– Почему Библия лежит на полу? Это же неправильно! Это кощунство! Нельзя ли ее забрать?
– Нельзя! Алина Петровна велела уничтожить, так как не на русском языке…
Тамара, очень трепетно относящаяся к книгам вообще, но к религиозным особенно, – она никуда не выходила без карманной Библии – долго еще возмущалась по этому поводу. Очков новой воспитательнице это явно не прибавило.
К тому же вопросы и просьбы заключенных во время проверок Алина частенько игнорировала, отходила в сторону, делая вид, что ничего не слышит. Это закончилось тем, что на Алину посыпался поток жалоб… И тогда сизошное начальство, видимо, хорошенько ей «вставило». Так как с какого-то момента Алина вдруг сама стала подходить к нам, заискивающе заглядывая в глаза: «Нет ли у нас каких-то просьб? Вы только скажите!»
И вот тогда-то мы и посоветовали Алле попросить у этой воспитательницы все нужные ей адреса: «Мол, пользуйся моментом! Пока она добренькая!» И Алина очень скоро принесла длинный список адресов, добросовестно выписанных на бумажку. Пиши – не хочу!
Алла стала писать о том, как она раскаивается, как она хочет помочь всем тем, кто может попасть в сети террористов-вербовщиков. И она просит ходатайствовать за нее с тем, чтобы ее срок был сокращен…
Таких писем она написала около пятидесяти. То есть писала буквально с утра и до вечера.

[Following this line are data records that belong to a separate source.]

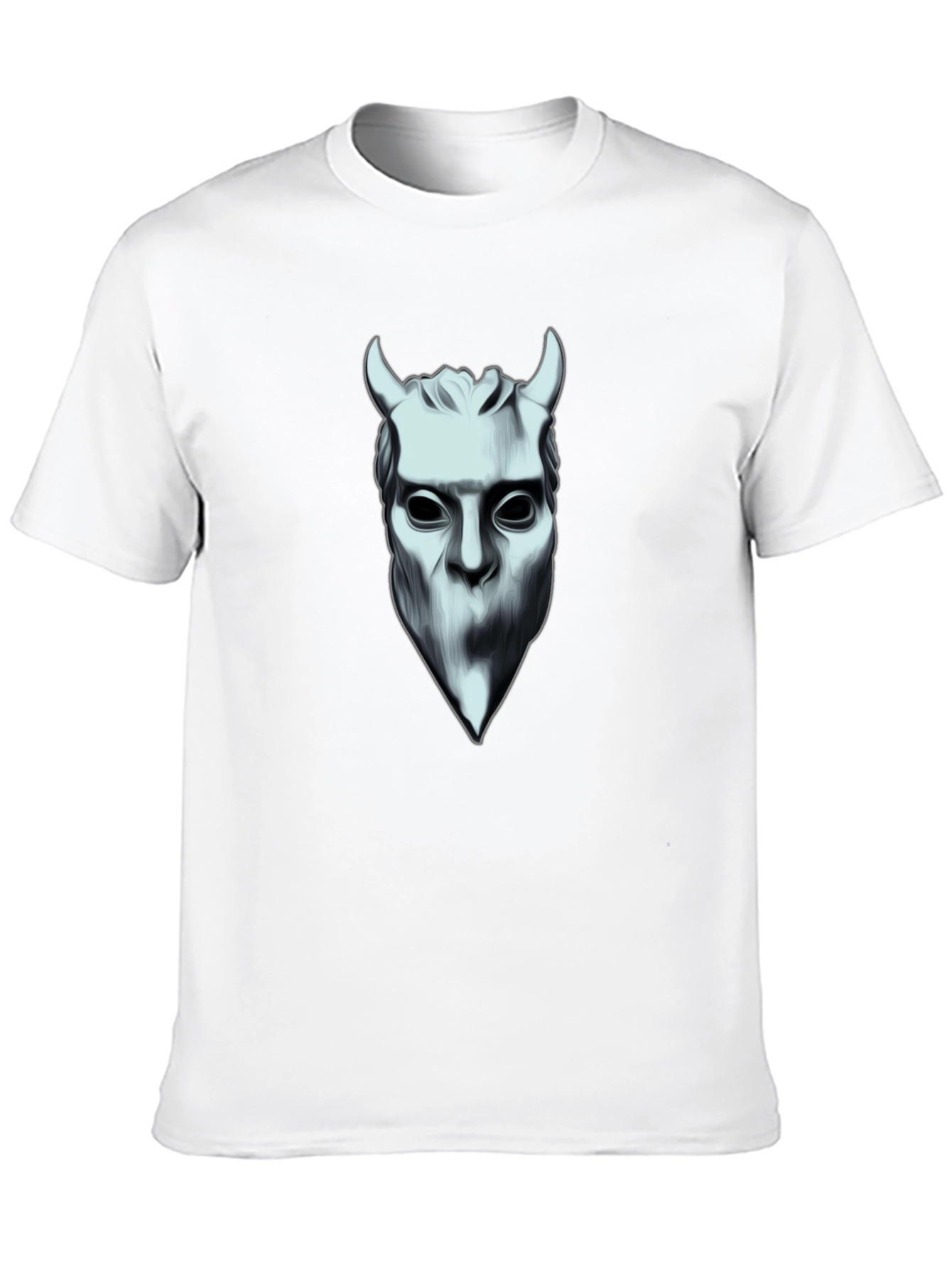 Camiseta Hombre Diseño Diablo Blanco y Negro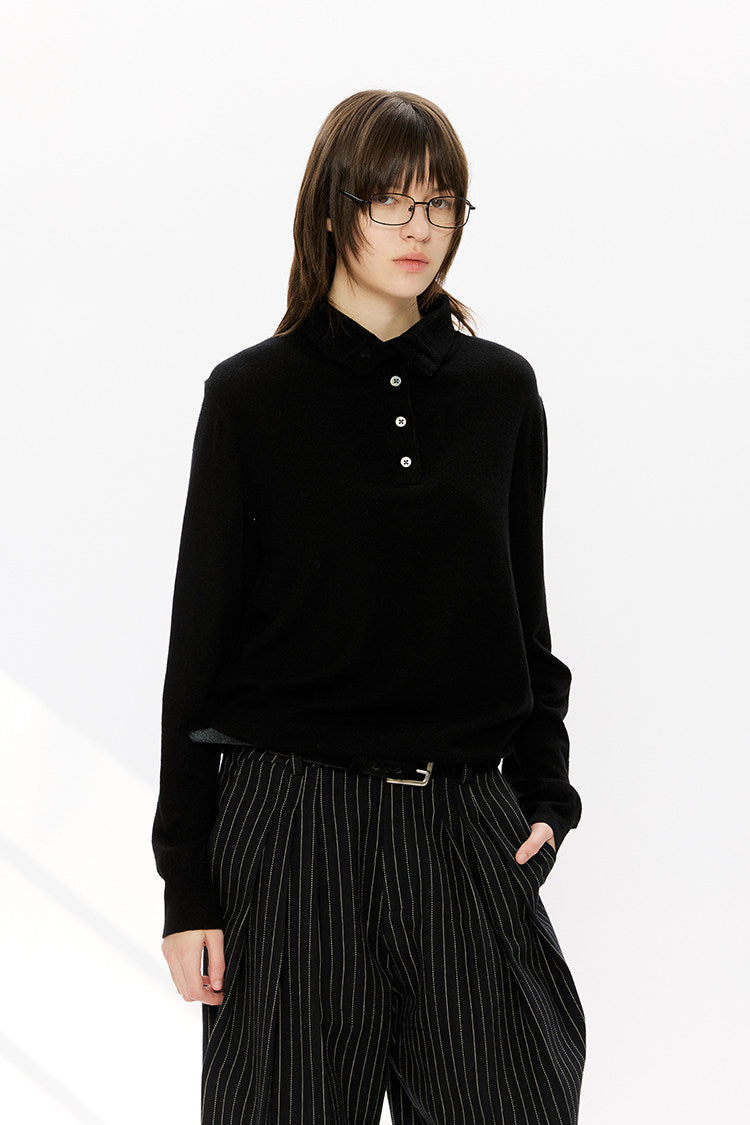 Double-Layer Stand Collar Knit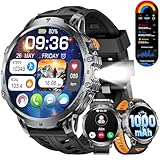 BENYAR SMART-Smartwatch Herren mit 1000 mAh Lange Akku, 1,85'' Großes Display Militär Smart Watch mit LED-Taschenlampe, Anrufe für Android iOS, IP68 Wasserdicht 120+ Sportmodi Sportuhr, 3 Armbänder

А иногда и ночью – при свете ночника. Исписала кучу ручек, стерла все пальцы… Но, несмотря на мозоли, боли в спине и садящееся зрение, все писала и писала, так как остановиться и ничего не делать было еще страшнее.
Мы были рады, что Алла хоть на что-то отвлекается, потому что настроение у нее после приговора катастрофически ухудшилось. В преддверии неизбежного этапа она все больше причитала и плакала…
И даже многочасовые намазы не несли ей умиротворения. Возможно, потому что Алла так и не стала истинной мусульманкой. Когда она только появилась в нашей камере, на следующий же день, во время проверки, она попросила отвести ее к православному батюшке. Так как «передумала быть мусульманкой, и теперь ей нужна православная поддержка»… На что Алина сказала, что узнает, когда сюда, на спецблок, соберется батюшка, и сообщит об этом…
Однако с этого момента за Аллу взялась Фатимка. Она буквально накинулась на нее: «Ты что, при первых испытаниях сдаешься? Разве так можно? Не бросай ислам! Давай делать намаз вместе!» И Алла согласилась. И когда воспитательница сообщила, что батюшка «…придет на Пасху», Алла сказала: «Нет, мне уже не надо… А можно поговорить с каким-нибудь имамом?» На что удивленная Алина ответила: «Нет, имам в наше СИЗО не приходит…»
А на Пасху на спецблок и правда пришел батюшка – в полном облачении, с помощниками в рясах. Они принесли небольшие симпатичные куличи и крашенные яйца – подарки для заключенных. Нас предупредили с раннего утра – мол, приберитесь хорошенько в камере и ждите… Но точное время не назвали. Мы долго сидели в напряженном ожидании, и вот, ближе к обеду, услышали где-то далеко – в коридоре – раскатистое церковное пение. Батюшка начал свой обход спецблока, и пение постепенно приближалось.
Мы находились в самом конце коридора, и церковники появились на пороге нашей камеры только через полчаса. Нас выстроили в линию, батюшка добродушно поздравил нас с Пасхой и спросил: «Есть православные?»
Откликнулись только двое: Тамара и я. Моторина замялась, а наши мусульманки – отрицательно замотали головами и отступили назад. Но батюшка, ничуть не смущаясь, щедро окропил всех нас святой водой. Алла аж запищала от неожиданности. Также он освятил стены и пол камеры и перед уходом пожелал нам «скорейшего освобождения». Алла потом долго отфыркивалась, вытирая мокрое лицо, а Тамара укоряла ее: «Ну ты что? Святая вода никому не повредит!»